The Small Wins: Though they admit they have experienced financial and logistical challenges and stresses, Adamek and Metheny, who are also both members of the military, are focusing on the smaller wins they have experienced, all the while maintaining their sense of humor.

  • “If you start seeing a lemonade stand hosted by a Colorado CrossFit gym, it’s probably us,” Adamek joked.
Credit: CrossFit Ridgeback

For starters, keeping classes small as per COVID-19 regulations, all the while servicing all of their members, has been easy, they explained.

  • “We didn’t have to spread the bad news about restricting how often you can come to the gym each week across 300 athletes,” said Adamek, who has been offering classes of nine or less.
  • “We have a brand new space, which plays to our benefit. We’re new, our equipment is new and clean, and we don’t have swarms of people in class, so we can provide the comfort and support people need right now,” said Metheny.
Credit: CrossFit Ridgeback

Further, they have saved money by purchasing some of their equipment from other gyms who had to close during COVID, and they recently discovered they’re eligible for a grant given to small businesses who have incurred additional pandemic-related costs. While the grant is just likely to cover “our many Home Depot receipts,” it’s still helpful, they said.

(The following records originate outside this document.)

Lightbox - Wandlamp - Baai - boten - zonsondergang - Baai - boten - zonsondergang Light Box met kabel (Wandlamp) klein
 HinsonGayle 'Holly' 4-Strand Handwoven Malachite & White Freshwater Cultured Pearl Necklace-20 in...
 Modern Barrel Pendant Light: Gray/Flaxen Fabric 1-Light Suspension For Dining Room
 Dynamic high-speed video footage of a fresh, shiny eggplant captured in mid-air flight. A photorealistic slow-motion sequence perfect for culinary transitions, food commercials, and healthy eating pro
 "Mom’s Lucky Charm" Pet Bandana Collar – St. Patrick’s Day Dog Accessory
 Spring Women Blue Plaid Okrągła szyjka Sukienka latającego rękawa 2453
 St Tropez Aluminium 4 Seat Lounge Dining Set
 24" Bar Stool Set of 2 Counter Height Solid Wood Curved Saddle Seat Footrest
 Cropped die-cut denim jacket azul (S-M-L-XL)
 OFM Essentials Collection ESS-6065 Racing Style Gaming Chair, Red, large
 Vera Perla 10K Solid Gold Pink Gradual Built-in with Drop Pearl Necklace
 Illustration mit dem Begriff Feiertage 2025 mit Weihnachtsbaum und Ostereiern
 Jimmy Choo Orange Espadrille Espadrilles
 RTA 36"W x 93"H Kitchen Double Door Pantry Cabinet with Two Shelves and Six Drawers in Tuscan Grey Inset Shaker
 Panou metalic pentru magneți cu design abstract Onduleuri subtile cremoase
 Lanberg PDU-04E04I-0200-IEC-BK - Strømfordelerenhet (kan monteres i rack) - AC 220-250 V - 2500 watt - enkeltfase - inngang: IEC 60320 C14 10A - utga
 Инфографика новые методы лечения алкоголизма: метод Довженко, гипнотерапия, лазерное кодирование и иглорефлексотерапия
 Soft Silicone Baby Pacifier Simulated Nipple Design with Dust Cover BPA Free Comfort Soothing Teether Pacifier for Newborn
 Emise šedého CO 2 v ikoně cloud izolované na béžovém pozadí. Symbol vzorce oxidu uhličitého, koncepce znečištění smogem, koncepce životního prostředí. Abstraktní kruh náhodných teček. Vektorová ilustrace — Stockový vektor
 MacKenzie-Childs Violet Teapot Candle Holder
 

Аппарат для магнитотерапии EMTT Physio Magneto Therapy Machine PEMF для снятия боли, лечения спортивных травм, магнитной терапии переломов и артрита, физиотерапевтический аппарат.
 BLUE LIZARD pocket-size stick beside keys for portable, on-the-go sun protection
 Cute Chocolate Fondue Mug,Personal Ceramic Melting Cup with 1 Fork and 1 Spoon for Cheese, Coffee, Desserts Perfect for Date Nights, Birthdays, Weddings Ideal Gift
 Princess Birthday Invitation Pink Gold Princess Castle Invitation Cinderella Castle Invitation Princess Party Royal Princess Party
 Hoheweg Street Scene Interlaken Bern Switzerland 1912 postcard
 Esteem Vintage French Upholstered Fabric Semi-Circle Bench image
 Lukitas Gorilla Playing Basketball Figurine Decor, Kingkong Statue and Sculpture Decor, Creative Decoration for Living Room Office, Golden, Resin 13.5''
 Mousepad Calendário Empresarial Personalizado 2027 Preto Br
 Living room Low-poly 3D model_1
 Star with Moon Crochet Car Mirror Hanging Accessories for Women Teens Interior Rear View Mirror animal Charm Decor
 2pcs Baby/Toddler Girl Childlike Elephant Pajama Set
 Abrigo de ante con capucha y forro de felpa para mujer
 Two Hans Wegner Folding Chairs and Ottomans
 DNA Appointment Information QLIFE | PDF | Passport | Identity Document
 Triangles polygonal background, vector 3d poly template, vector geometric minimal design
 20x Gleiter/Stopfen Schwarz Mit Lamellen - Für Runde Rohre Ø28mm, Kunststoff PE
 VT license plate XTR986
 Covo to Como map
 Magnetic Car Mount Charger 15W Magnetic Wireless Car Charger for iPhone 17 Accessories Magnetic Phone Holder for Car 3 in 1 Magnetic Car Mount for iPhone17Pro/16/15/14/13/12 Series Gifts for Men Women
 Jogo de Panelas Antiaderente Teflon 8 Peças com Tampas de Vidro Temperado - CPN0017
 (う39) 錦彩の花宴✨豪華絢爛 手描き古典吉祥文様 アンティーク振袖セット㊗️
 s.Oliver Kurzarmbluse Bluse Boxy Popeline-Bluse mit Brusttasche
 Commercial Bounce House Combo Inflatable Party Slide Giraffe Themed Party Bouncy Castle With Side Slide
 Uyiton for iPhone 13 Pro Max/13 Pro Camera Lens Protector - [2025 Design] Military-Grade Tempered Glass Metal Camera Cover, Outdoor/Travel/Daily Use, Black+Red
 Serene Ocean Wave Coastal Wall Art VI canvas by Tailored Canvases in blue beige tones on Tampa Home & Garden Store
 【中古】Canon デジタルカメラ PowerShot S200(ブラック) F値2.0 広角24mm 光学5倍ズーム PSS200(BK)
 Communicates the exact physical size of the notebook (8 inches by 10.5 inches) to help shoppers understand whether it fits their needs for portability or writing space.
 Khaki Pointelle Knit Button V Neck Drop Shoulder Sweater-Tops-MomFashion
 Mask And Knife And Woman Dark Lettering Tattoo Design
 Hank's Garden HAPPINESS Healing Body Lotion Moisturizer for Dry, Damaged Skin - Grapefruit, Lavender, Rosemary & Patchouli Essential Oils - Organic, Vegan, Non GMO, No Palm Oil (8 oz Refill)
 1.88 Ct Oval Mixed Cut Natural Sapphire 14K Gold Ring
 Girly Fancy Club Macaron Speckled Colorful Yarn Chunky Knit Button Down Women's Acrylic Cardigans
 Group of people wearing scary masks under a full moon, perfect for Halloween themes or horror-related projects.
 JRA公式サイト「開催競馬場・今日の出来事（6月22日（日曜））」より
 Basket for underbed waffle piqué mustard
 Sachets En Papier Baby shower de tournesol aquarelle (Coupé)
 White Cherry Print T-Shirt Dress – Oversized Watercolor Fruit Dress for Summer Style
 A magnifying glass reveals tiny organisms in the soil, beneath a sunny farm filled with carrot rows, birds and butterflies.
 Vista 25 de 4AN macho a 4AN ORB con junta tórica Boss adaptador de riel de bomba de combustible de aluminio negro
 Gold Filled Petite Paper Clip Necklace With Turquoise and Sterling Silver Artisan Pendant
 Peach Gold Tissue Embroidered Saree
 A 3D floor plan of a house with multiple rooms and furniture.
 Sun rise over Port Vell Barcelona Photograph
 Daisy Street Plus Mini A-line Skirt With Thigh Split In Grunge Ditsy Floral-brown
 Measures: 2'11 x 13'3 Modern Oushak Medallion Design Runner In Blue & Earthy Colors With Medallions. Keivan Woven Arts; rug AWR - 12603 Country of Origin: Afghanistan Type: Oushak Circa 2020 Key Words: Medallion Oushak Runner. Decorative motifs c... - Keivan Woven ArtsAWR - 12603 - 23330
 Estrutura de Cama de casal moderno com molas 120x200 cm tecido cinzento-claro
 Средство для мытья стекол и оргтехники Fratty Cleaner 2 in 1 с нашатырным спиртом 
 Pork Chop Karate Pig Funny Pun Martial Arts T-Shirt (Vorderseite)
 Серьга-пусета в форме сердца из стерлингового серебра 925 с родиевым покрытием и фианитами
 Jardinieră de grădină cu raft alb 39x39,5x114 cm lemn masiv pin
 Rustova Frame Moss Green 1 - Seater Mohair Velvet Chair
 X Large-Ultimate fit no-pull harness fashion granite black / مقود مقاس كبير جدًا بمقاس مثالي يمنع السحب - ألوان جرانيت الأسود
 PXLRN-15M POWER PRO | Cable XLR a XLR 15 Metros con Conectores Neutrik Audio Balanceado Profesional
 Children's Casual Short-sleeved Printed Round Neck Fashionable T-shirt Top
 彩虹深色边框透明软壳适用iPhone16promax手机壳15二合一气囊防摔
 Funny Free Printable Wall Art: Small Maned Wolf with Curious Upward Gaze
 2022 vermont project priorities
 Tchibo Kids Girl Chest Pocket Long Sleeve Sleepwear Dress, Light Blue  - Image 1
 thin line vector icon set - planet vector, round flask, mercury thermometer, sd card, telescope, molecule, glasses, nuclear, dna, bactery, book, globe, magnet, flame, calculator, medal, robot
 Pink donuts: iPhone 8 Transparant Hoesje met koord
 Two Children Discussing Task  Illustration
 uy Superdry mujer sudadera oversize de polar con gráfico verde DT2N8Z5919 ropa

The Big Picture: Despite the hard times, these new gym owners are optimistic about the future and are prepared to do the hard work because they believe in what they’re doing.

  • “There are opportunities out there for sure. It’s easy to get overwhelmed with the unpredictability of it all, so holding on to the small wins has been uplifting,” said Adamek, who has remained committed to reaching their goal of 80 clients in eight months.
  • “I have a 62-year-old woman client who was very worried about going out in public because she’s dealing with all these underlying health conditions, but now she trusts me and feels safe and confident knowing she’s doing the right thing for her health. Something like this can bring the world to its knees, but giving more people an opportunity to get into the gym and stay active is going to be beneficial across the board. That’s why I got into this,” Carroll said.
  • “The pandemic has been unlucky timing, but I know I can still make it work,” Herring said.
  • DeClerk added: “(People) are pumped to get started with something new…We have now been open for less than two months and have 50 sign-ups and that is all just word of mouth. I think coming into a new fitness routine at this time is giving people just what they need.”